=== Work request ===
Go through the records below and return each line that has "enjoyed" in it.

=== Dataset content ===
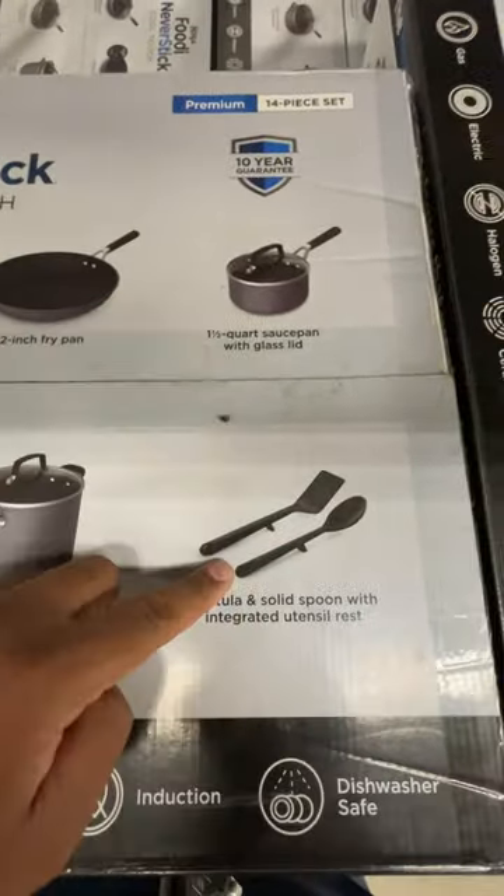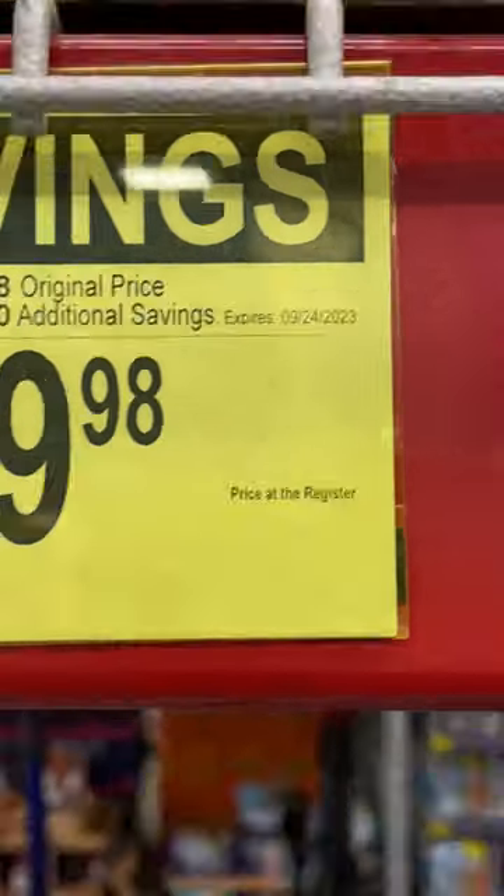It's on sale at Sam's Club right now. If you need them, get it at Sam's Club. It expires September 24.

---

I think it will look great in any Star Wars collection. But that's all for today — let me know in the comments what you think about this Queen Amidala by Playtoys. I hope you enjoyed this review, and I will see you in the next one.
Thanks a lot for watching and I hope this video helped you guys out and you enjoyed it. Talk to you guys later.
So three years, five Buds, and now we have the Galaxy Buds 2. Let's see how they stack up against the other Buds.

=== Completed task ===
I think it will look great in any Star Wars collection. But that's all for today — let me know in the comments what you think about this Queen Amidala by Playtoys. I hope you enjoyed this review, and I will see you in the next one.
Thanks a lot for watching and I hope this video helped you guys out and you enjoyed it. Talk to you guys later.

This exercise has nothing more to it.